The root of the problem is:

mysql> SET NAMES latin1;
Query OK, 0 rows affected (0.00 sec)

mysql> SELECT CONVERT('абв' USING cp1251); -- 'абв' in bulgarian alphabet 
+---------------------------+
| CONVERT('а' USING cp1251) |
+---------------------------+
| ???                       |
+---------------------------+

This is because character set conversion between latin1 and cp1251 is impossible.

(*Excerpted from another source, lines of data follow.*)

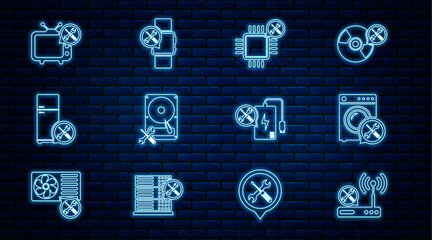 Poster - Set line Router wi-fi service, Washer, Processor, Hard disk drive, Refrigerator, Tv, Power bank and Smartwatch icon. Vector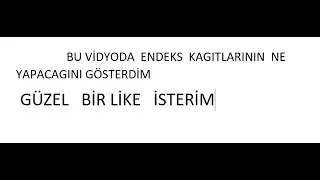 ENDEKS  KAGITLARI  NAPACAK TEK  TEK  G&Ouml;STERDİM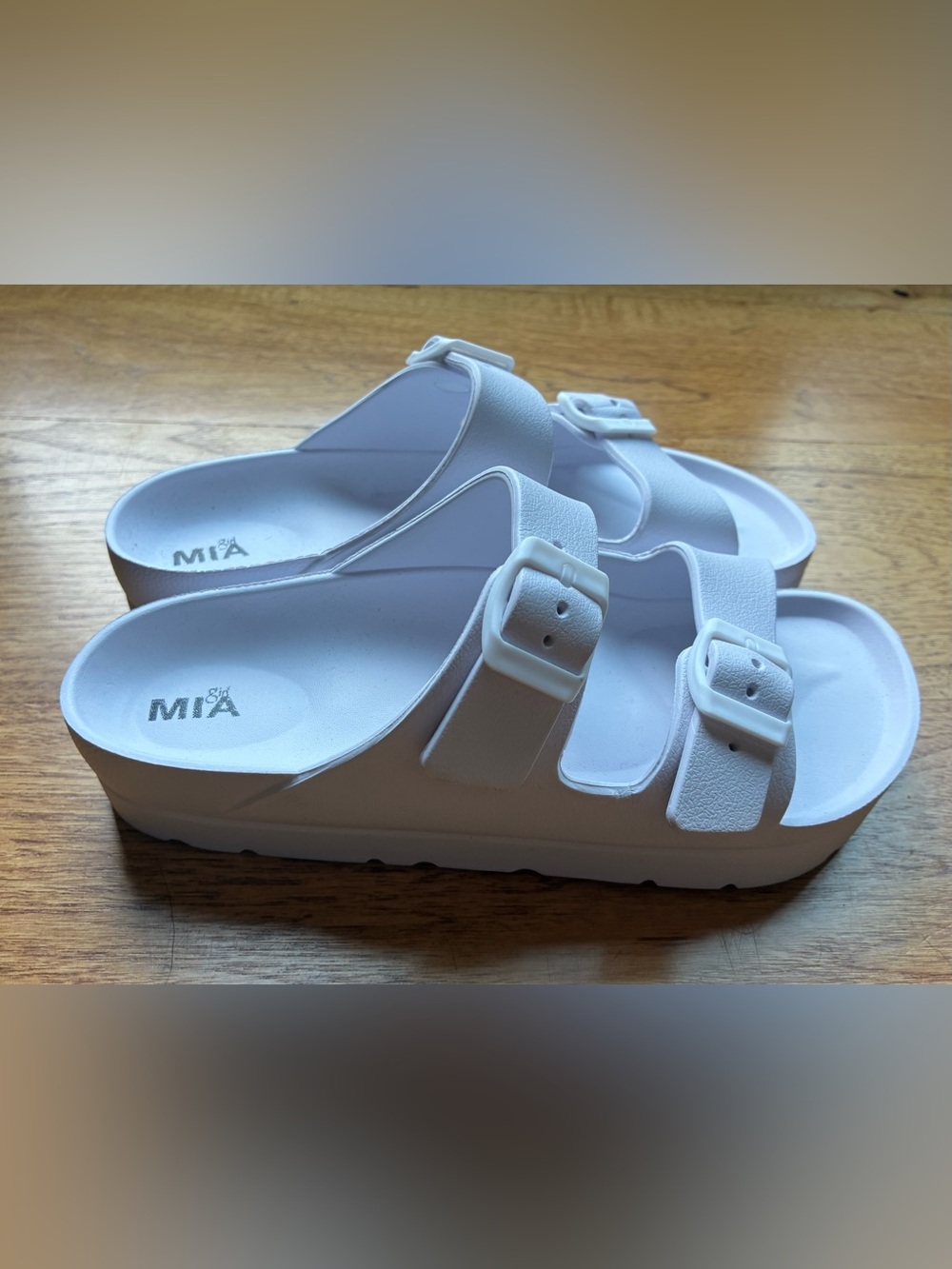 MIA Kids White Double Buckle Slide Sandals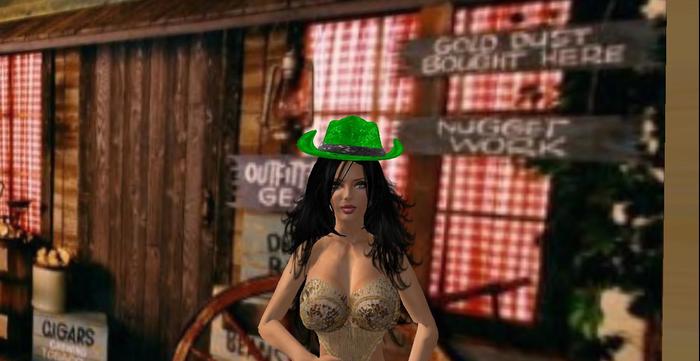 Mw cowboy hat Ladies Green sequins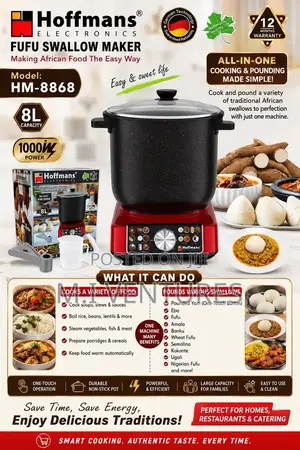 Advanced 8l Hoffmans Fufu-Swallow Maker (Model Hm-8868)1000w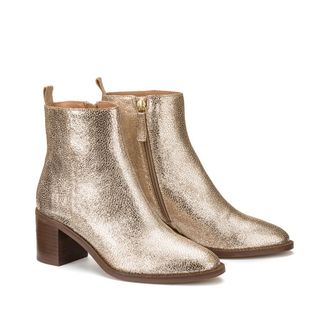 La Redoute Collections Enkellaarsjes van metallic leer, Signature Faustine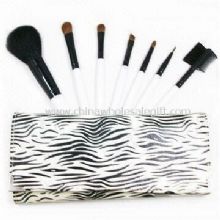 Cosmetic Brush Set with Birch Wood Handle and Artificial Leather Bag images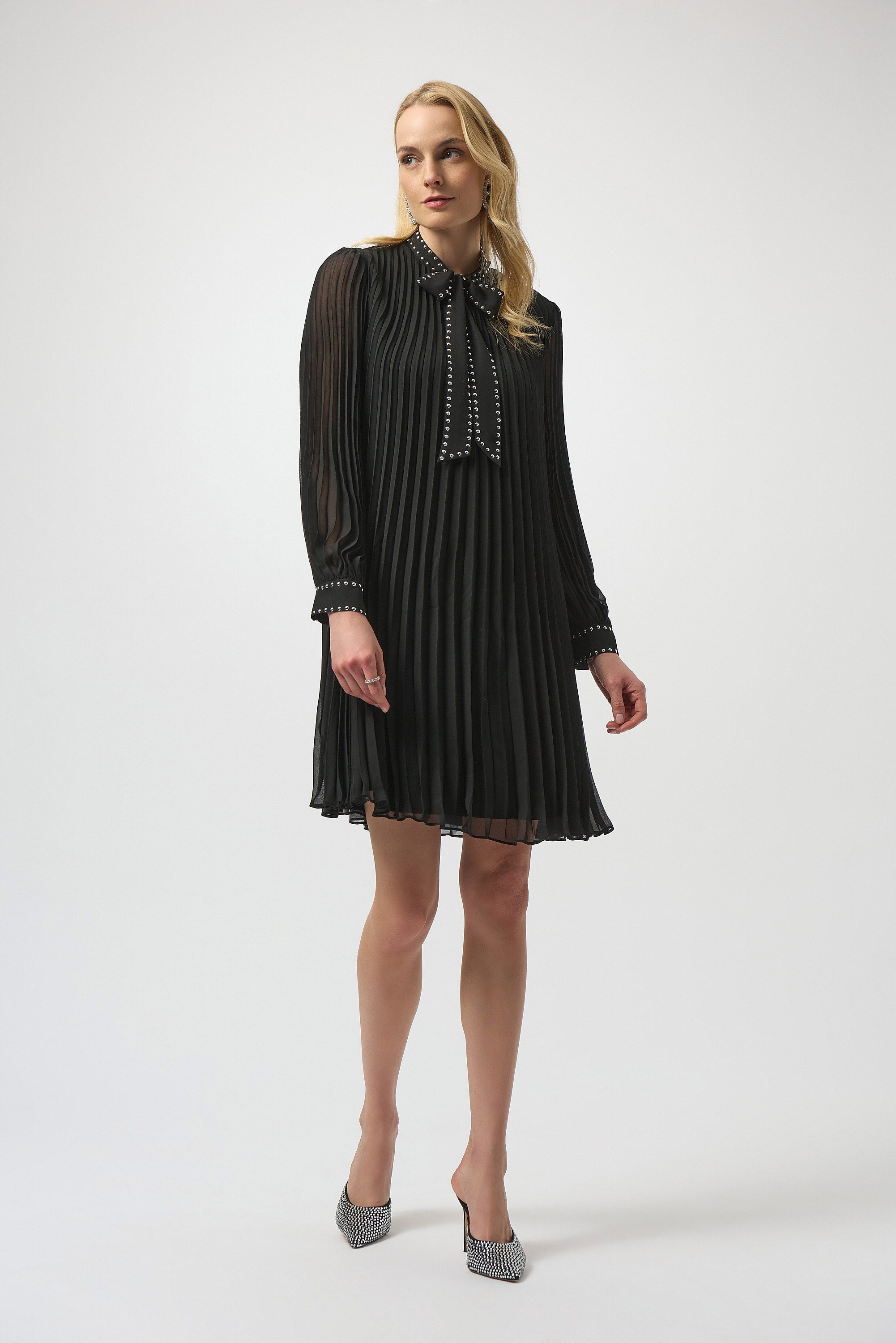 Pre-order - Joseph Ribkoff Pleated Chiffon Aline Dress with Neck Tie
254902 in Black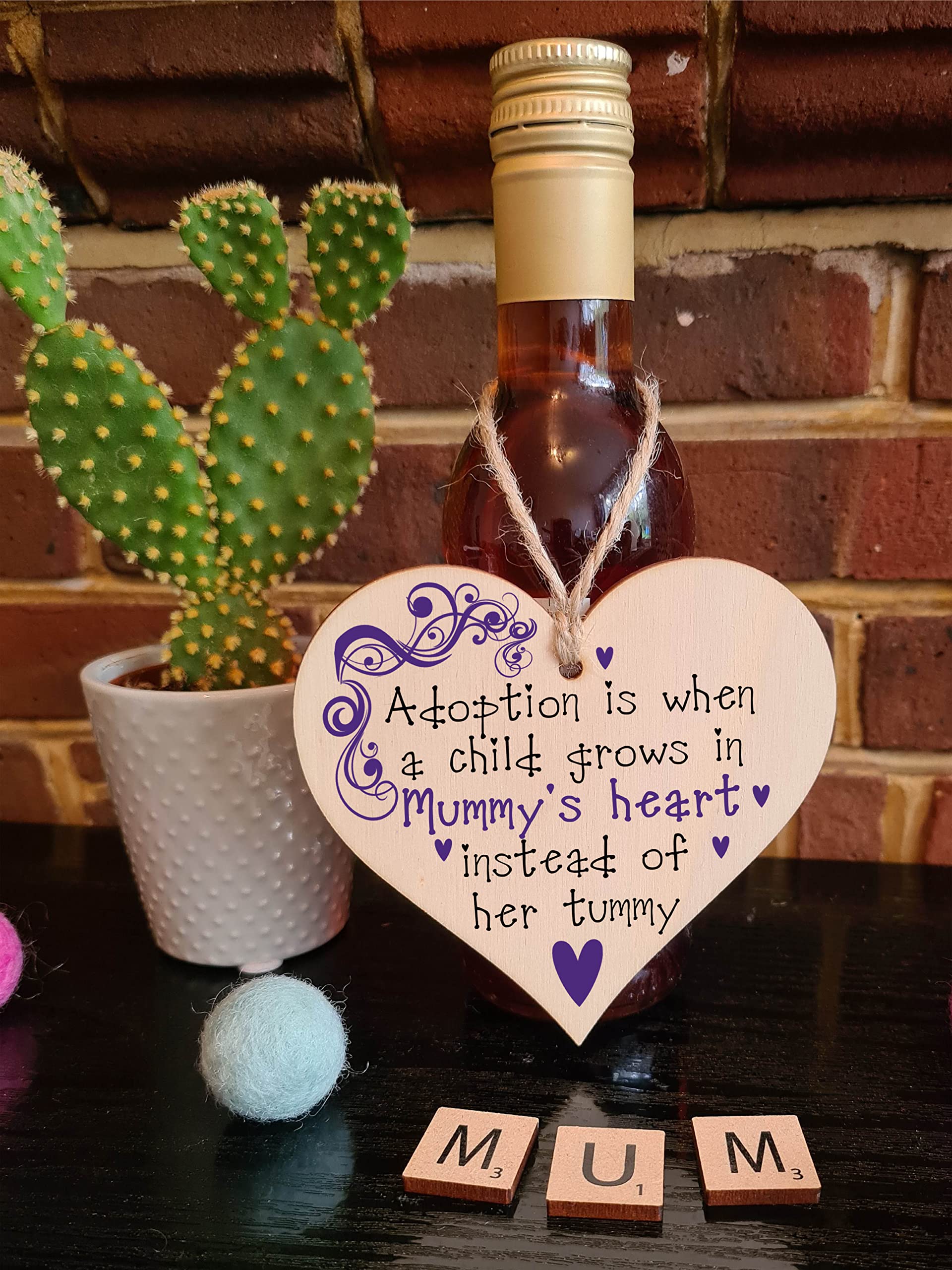 Handmade Wooden Hanging Heart Plaque Gift to Celebrate Adoption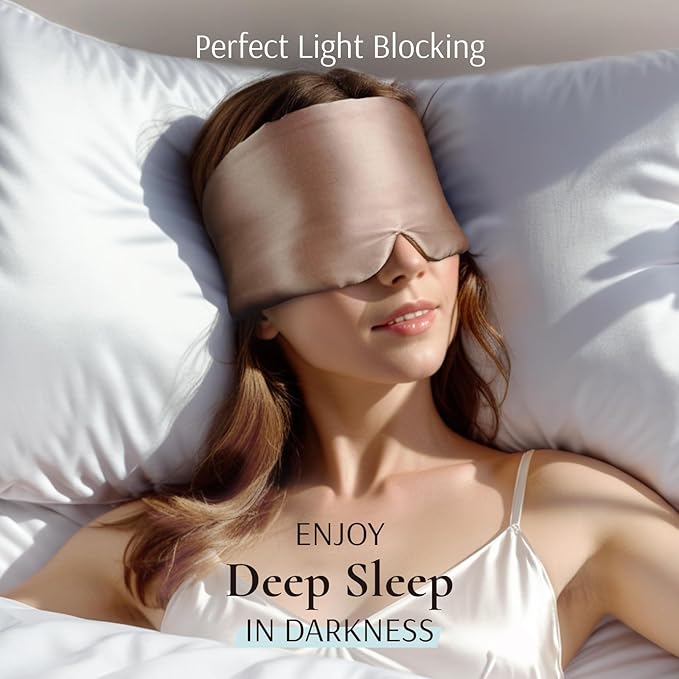 Zenssia 100% Mulberry Silk Sleep Mask Eye Mask for Man and Woman with Adjustable Headband, Full Size Large Sleep Mask & Blindfold for Total Blackout for All Night Sleep, Travel & Nap-Taupe - Bloomnest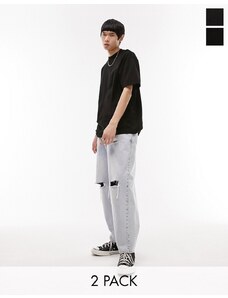 Topman - Confezione da 2 T-shirt oversize nere-Multicolore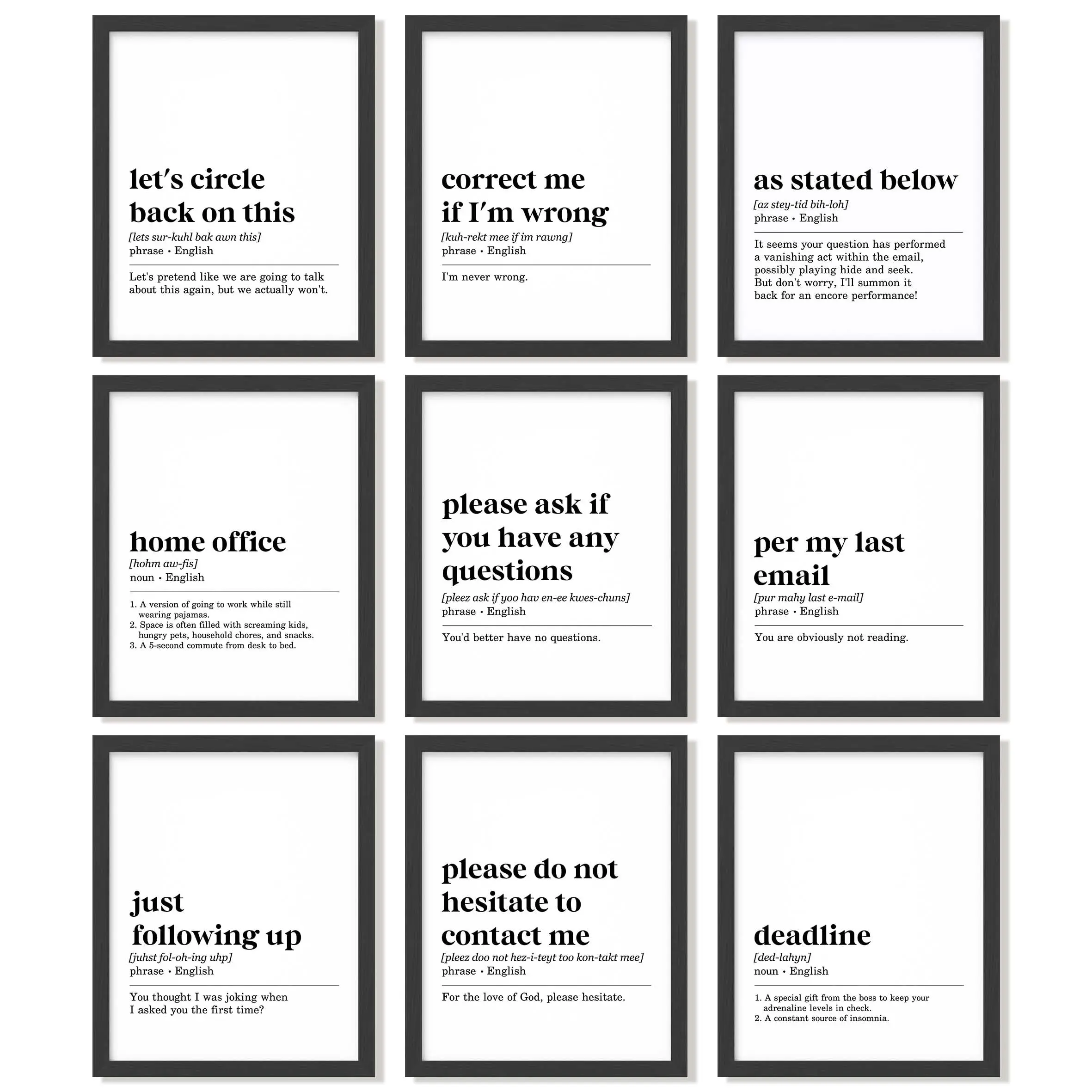Funny Office - Home Poster  Work From Art Prints Inspirational Quotes Wall Motivational Posters For Cubicle Workplace Decorations (8x10 Unframed)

The workaround is to convert to BINARY first which in 4.1 means "No character set" and strings are treate as sequence of bytes. Then convert from BINARY to cp1251

mysql> SELECT CONVERT('абв' USING BINARY); -- result is without charset 
+-----------------------------+
| CONVERT('абв' USING BINARY) |
+-----------------------------+
| абв                         |
+-----------------------------+
1 row in set (0.00 sec)
 
mysql> SELECT CONVERT(CONVERT('абв' USING BINARY) USING cp1251);
+---------------------------------------------------+
| CONVERT(CONVERT('абв' USING BINARY) USING cp1251) |
+---------------------------------------------------+
| абв                                               |
+---------------------------------------------------+
[23 Mar 2004 4:21] Andrey
Ok. I've got your idea. 

As I can see, data in my databases stored in cp1251 (inspite of server charset is latin1). And this work very well except ORDER BY'ing and LIKE'ing.
Can I change _table_ charset into BINARY and then into CP1251? I think in this case data should be unchanged. 
Or may be there are some way to just change table charset only in header, without data converting?
[1 Apr 2004 17:47] Paul DuBois
Thank you for your bug report. This issue has been addressed in the
documentation. The updated documentation will appear on our website
shortly, and will be included in the next release of the relevant
product(s).

Additional info:

Conversion procedure now is documented at:

http://www.mysql.com/doc/en/Charset-convert.html